Ahoy there me mateys! I adored station eleven and so I thought I would read another book by this wonderful author. Jenny @ readingtheend stated in me comments section of me review of station eleven that “The Singer’s Gun is my other favorite of her books — it’s way way far behind Station Eleven in awesomeness, but it has a similarly intricate plot.” So I listened to Jenny and read this book.
And aye, I enjoyed it immensely. This was off the charts (i.e. a non sci-fi, fantasy, or YA title) and was described as a murder mystery. Well there is a murder and an investigator but this is not a who-dun-it tale. What ye do get is the same type of character exploration that made me fall in love with the author’s writing style in the first place.
This novel follows Anton Waker whose family is part of an organized crime scheme to sell stolen goods. All Anton has ever wanted was to clean up his act and have a normal job on the right side of the law. He is living this dream when his past comes back to haunt him and ruin his attempt at normalcy.
In watching Anton’s life dissolve, ye be introduced to an odd host of people. The story rambles in a delightful way wherein ye have no idea where the story is going, the people are kinda crazy and slightly unlikable, and yet it be mesmerizing. And of course, as Jenny says, it is an intricate plot. I loved how the strings were weaved together at the end.
Even though I was hesitant about all of the characters in the beginning, I eventually was won over enough to be happy for the consequences portrayed in the end. I found the ending more satisfying than I would have thought.

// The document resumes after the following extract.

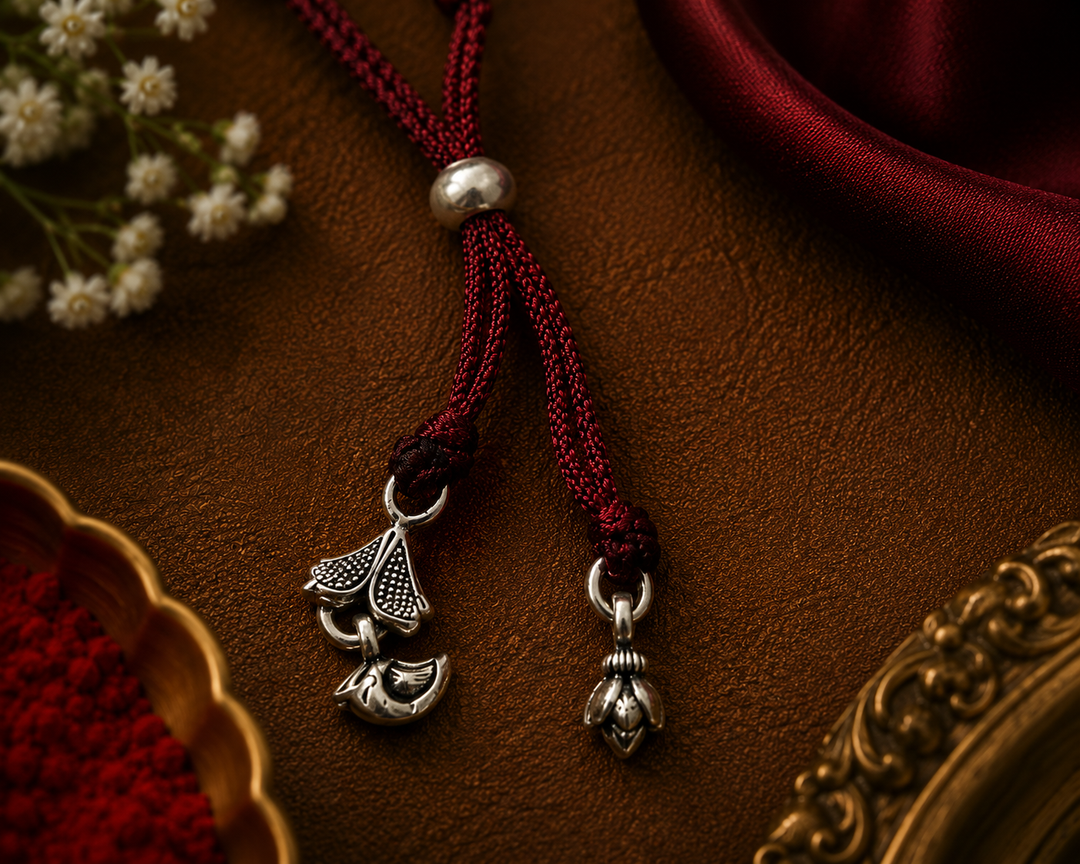 Raksha By Silver Ocean | Shiv Couple Rakhi Set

It was a quick read and I avidly turned the pages. I appreciate the detailed plot but it is the character portrayal that makes me want to read another book by this author. And the explanation for the title entertained me. I am glad I read station eleven first but am extremely grateful for me matey’s recommendation of this great book for me second read.

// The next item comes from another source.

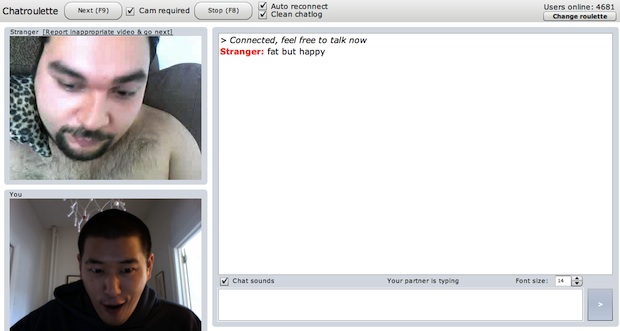 Dirty chatroulette фото.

Side note: I still think the author’s name is delicious! Arrr!
Goodreads has this to say about the novel:
Everyone Anton Waker grew up with is corrupt. His parents deal in stolen goods and his first career is a partnership venture with his cousin Aria selling forged passports and social security cards to illegal aliens. Anton longs for a less questionable way of living in the world and by his late twenties has reinvented himself as a successful middle manager. Then a routine security check suggests that things are not quite what they appear. And Aria begins blackmailing him to do one last job for her. But the seemingly simple job proves to have profound and unexpected repercussions.